What the task requires — Please output every record below exactly as written, leaving out any pictures.

Source material below:

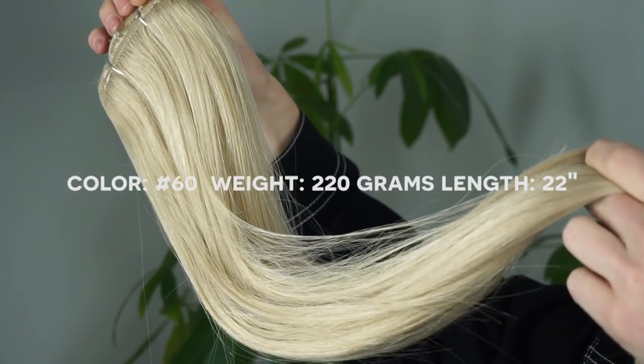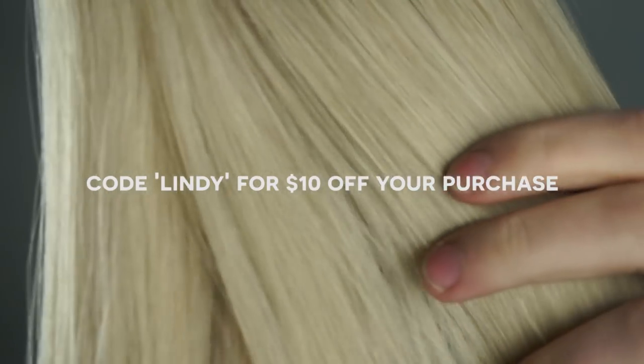Because they are already toned so you don't have to tone them yourself, and they are a very light color. It's supposedly going to be very easy to dye them, so I am going to try that out today and I'm really excited.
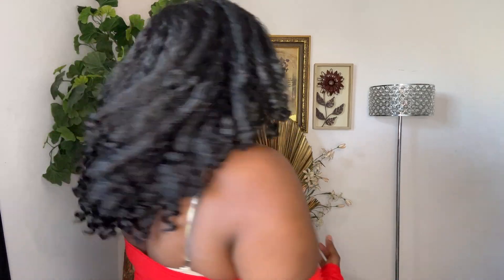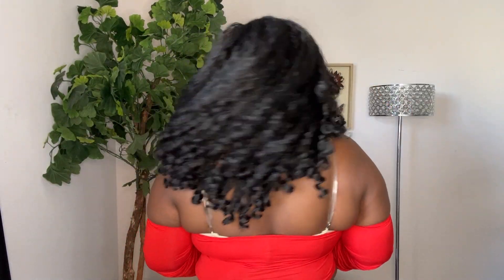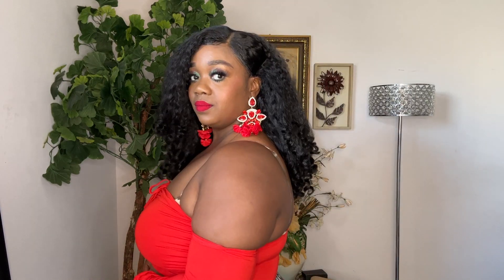Here's the front, side, back. This wig is very beautiful — very bouncy as you can see.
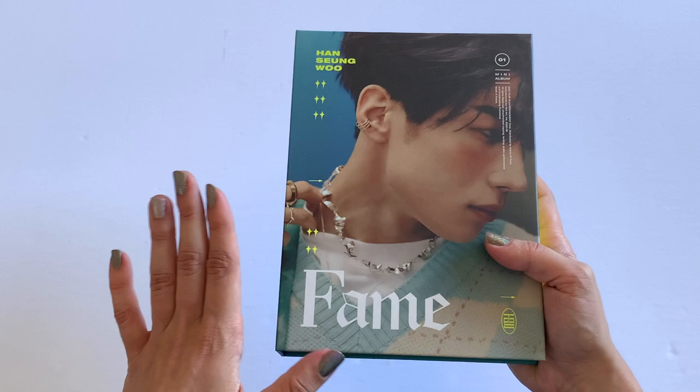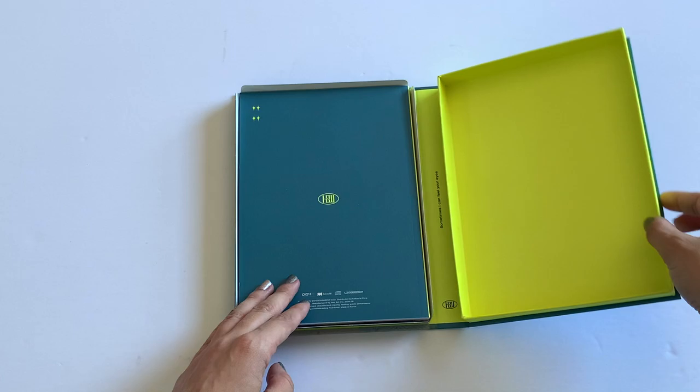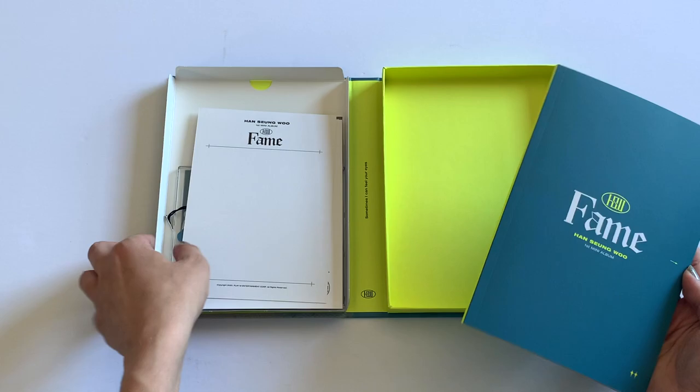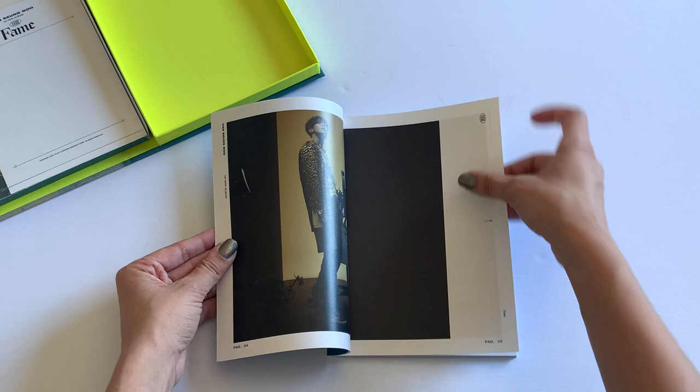The photo cards are like right at the top, so I'm going to open it upside down so I don't see anything — everything might fall out but that's what we're doing. So here we have the photo book first. I'm just going to move the box off to the side for now.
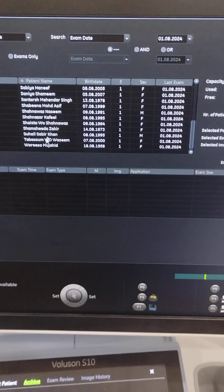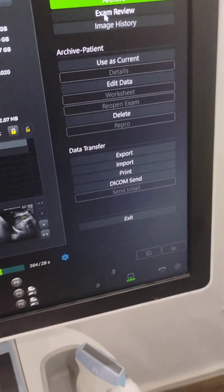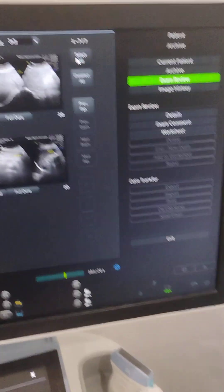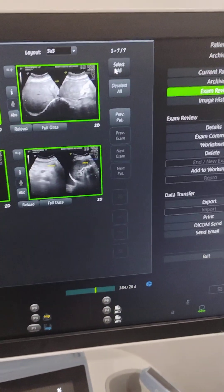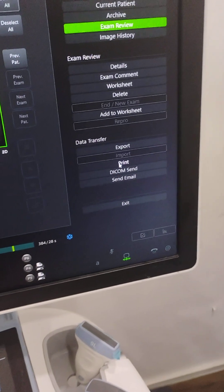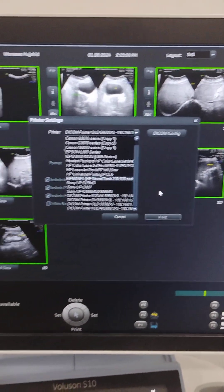Suppose we have to review the exam of a patient — you just go here and select exam review. And if you want to print the ultrasound images, then select all, and then you are just about to print. Then select the printer — whether it is a DICOM printer or a photo printer — and then just print the whole images.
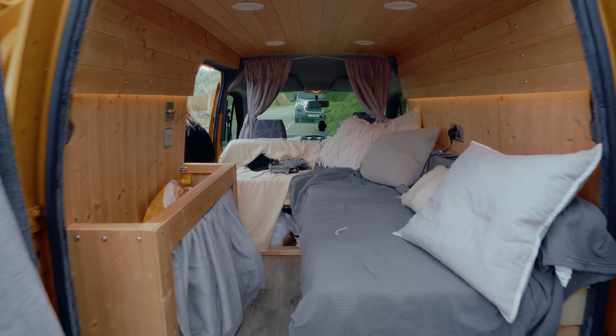With the lights it just kind of makes it as well. That's our van.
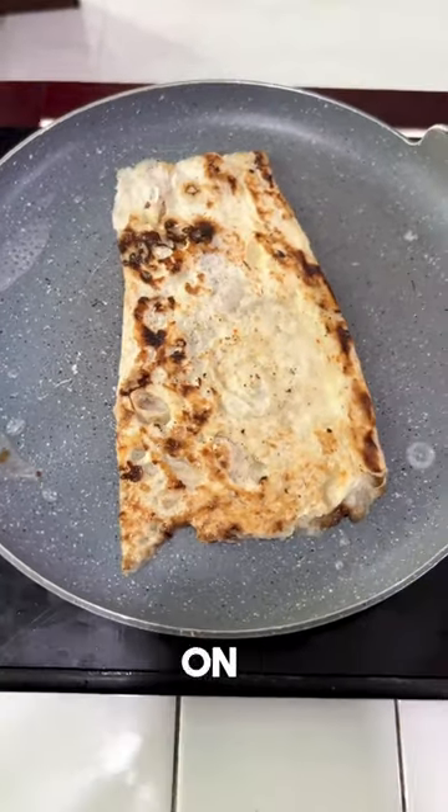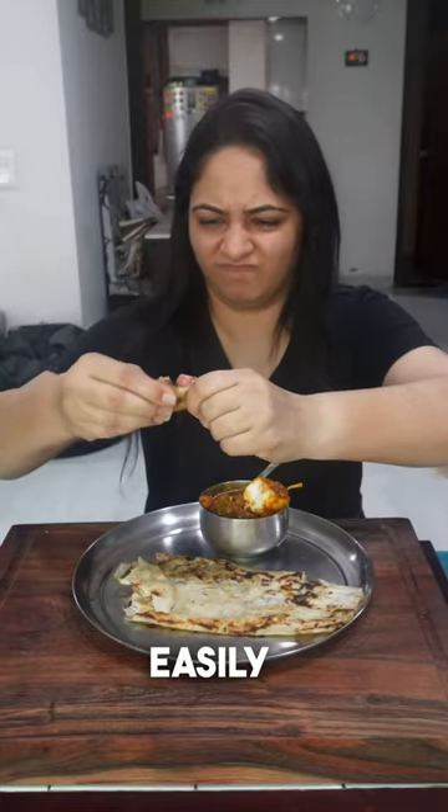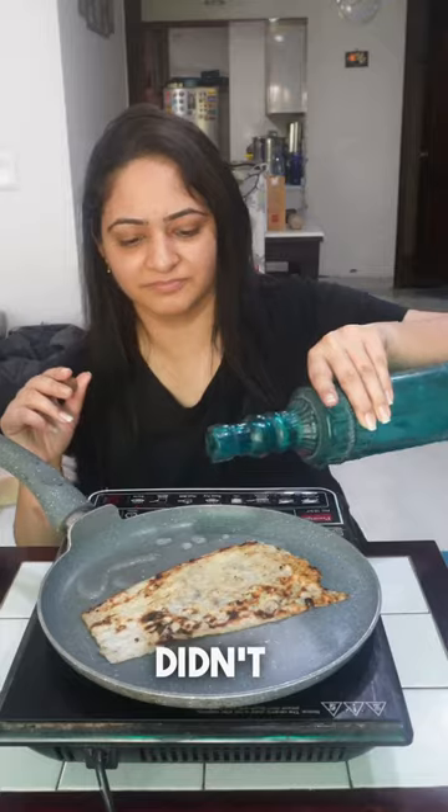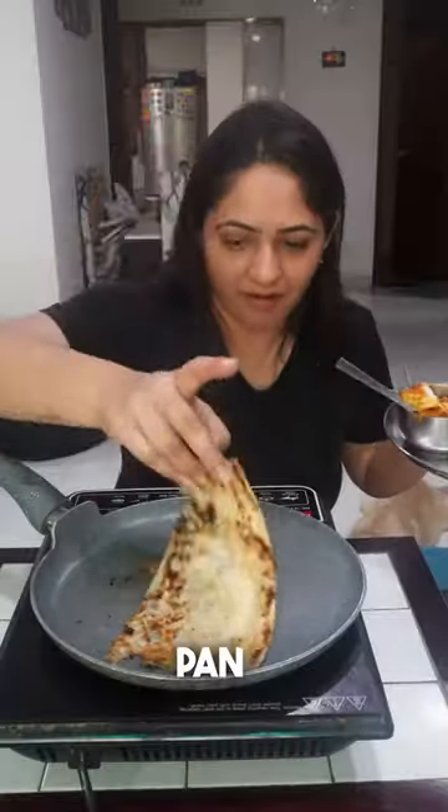Did you know you can reheat naan on a pan? Yes, you can reheat naan on a pan very easily and it will be proper restaurant style. I haven't seen this hack on social media. It's very easy — just put naan on a pan with a little bit of water.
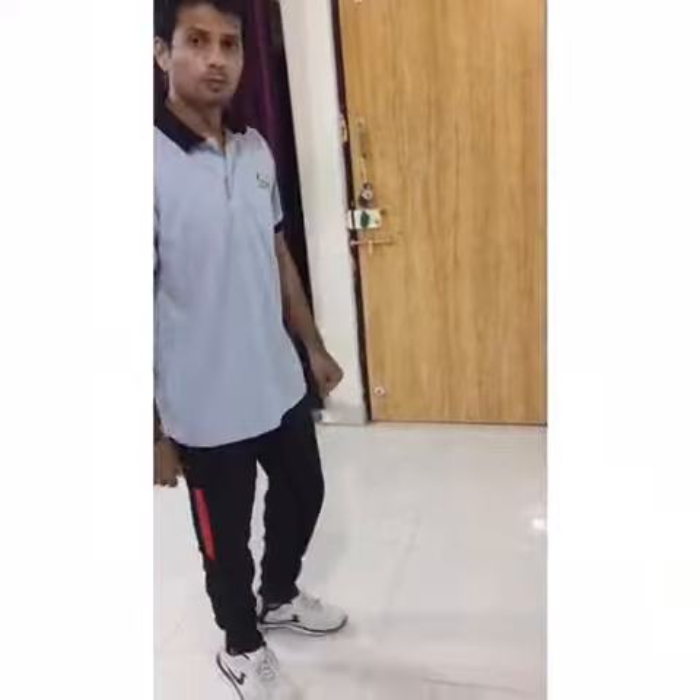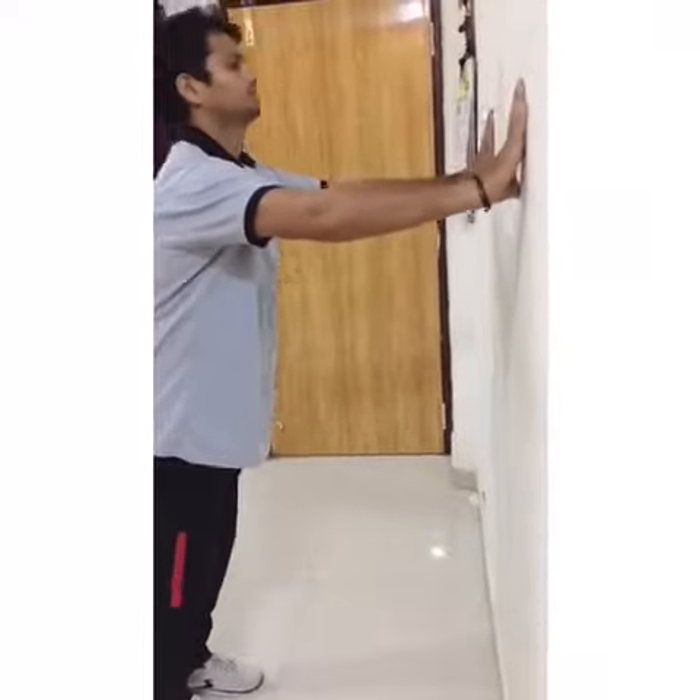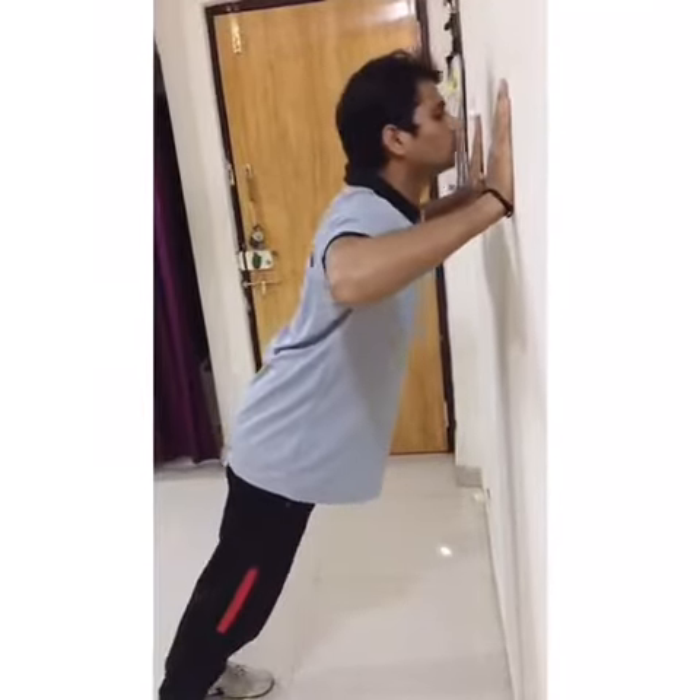So first, put your legs together, hands on the wall, a little wide to your shoulder, and come ahead — 1, 2, 3, 4, 5.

End of Source material.

Reply —
Because they are already toned so you don't have to tone them yourself, and they are a very light color. It's supposedly going to be very easy to dye them, so I am going to try that out today and I'm really excited.
Here's the front, side, back. This wig is very beautiful — very bouncy as you can see.
The photo cards are like right at the top, so I'm going to open it upside down so I don't see anything — everything might fall out but that's what we're doing. So here we have the photo book first. I'm just going to move the box off to the side for now.
Suppose we have to review the exam of a patient — you just go here and select exam review. And if you want to print the ultrasound images, then select all, and then you are just about to print. Then select the printer — whether it is a DICOM printer or a photo printer — and then just print the whole images.
With the lights it just kind of makes it as well. That's our van.
Did you know you can reheat naan on a pan? Yes, you can reheat naan on a pan very easily and it will be proper restaurant style. I haven't seen this hack on social media. It's very easy — just put naan on a pan with a little bit of water.
So first, put your legs together, hands on the wall, a little wide to your shoulder, and come ahead — 1, 2, 3, 4, 5.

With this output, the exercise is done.